Data under study:
________________________________________

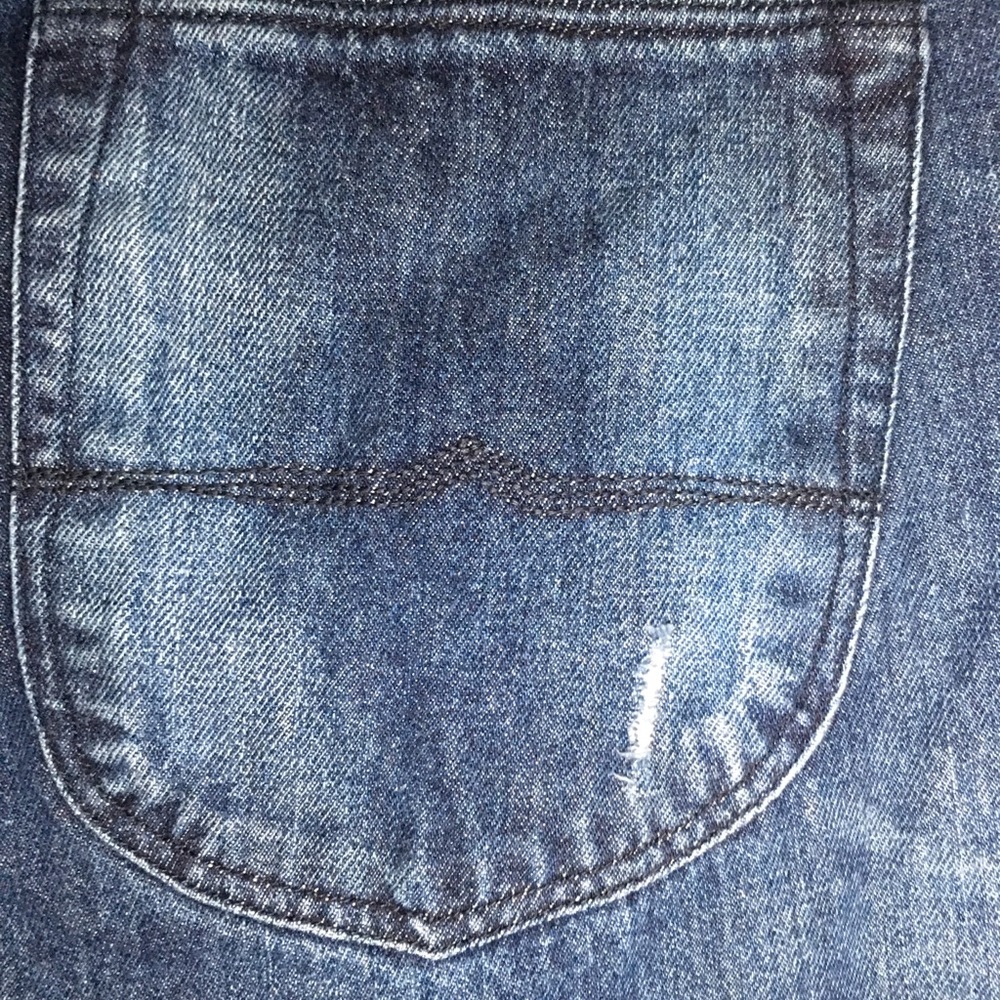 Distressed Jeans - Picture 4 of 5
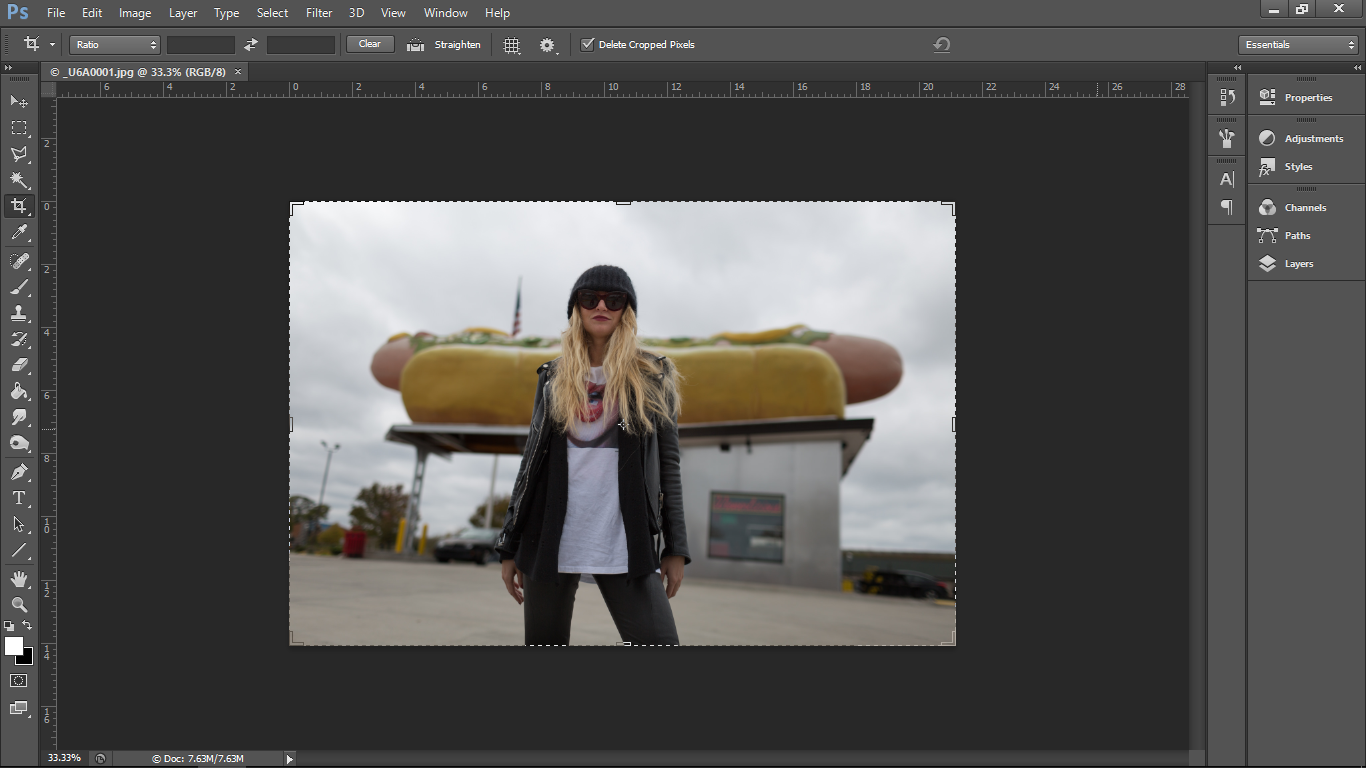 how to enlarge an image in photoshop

________________________________________

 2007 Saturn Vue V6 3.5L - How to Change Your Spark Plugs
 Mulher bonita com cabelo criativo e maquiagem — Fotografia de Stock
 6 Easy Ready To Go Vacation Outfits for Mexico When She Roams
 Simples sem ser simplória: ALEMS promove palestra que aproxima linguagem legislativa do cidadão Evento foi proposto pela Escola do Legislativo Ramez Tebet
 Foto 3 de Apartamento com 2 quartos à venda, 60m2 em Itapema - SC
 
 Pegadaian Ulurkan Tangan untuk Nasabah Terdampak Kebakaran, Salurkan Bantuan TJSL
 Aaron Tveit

________________________________________

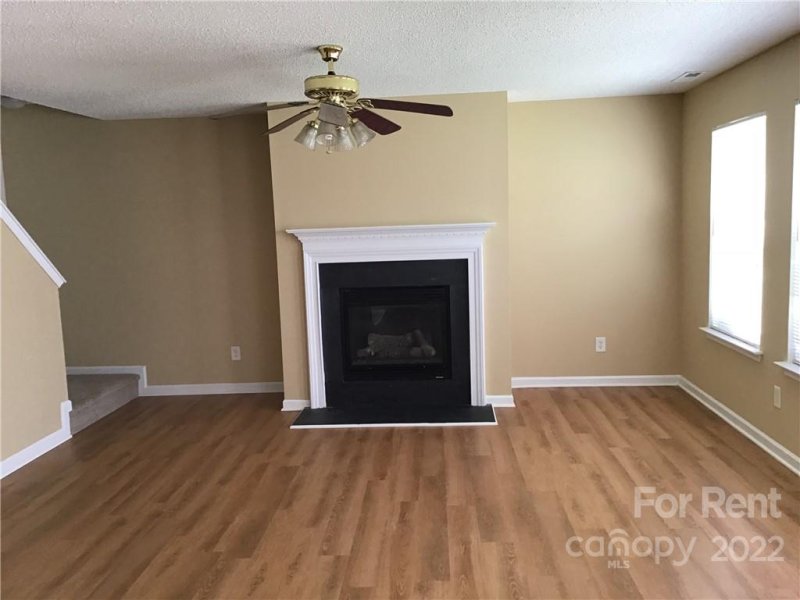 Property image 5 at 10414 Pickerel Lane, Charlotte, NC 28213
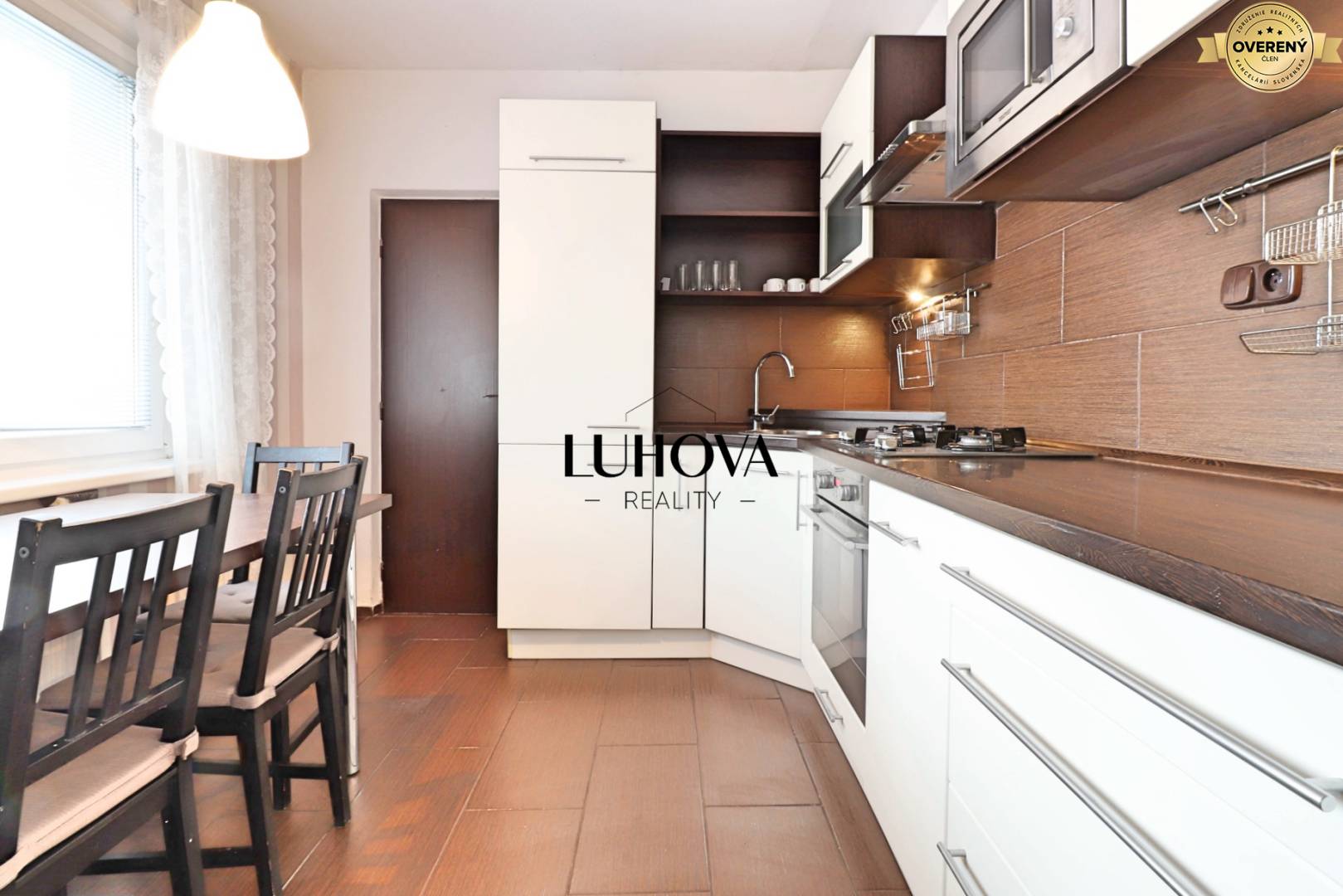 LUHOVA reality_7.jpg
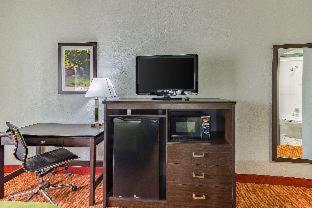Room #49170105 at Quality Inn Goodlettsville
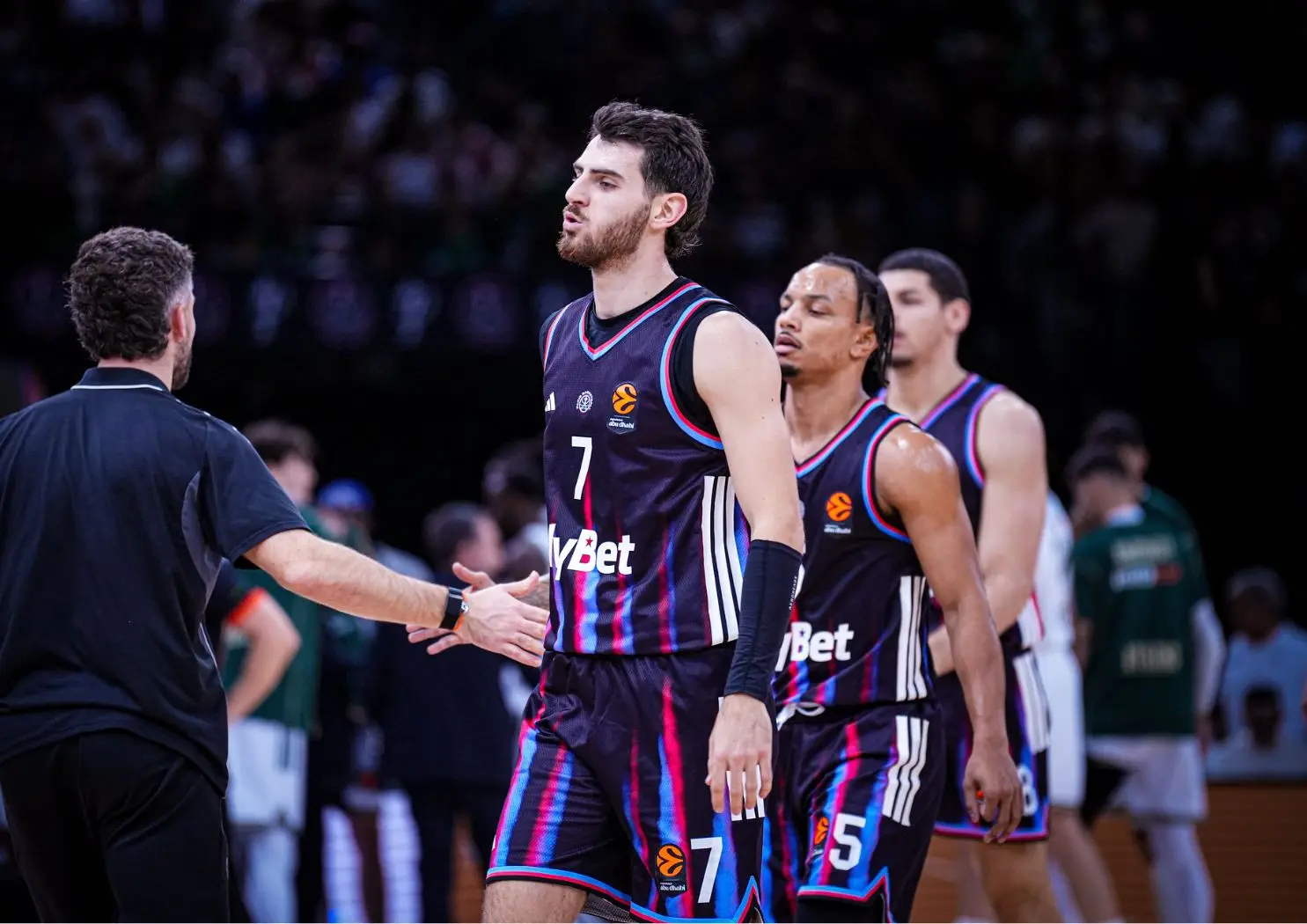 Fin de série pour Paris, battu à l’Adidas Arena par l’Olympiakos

________________________________________

Task: Transcribe only the lines above that start at the line containing "Property image 5" and end at the line containing "Fin de série". Omit pictures.

Response to this task:
 Property image 5 at 10414 Pickerel Lane, Charlotte, NC 28213
 LUHOVA reality_7.jpg
Room #49170105 at Quality Inn Goodlettsville
 Fin de série pour Paris, battu à l’Adidas Arena par l’Olympiakos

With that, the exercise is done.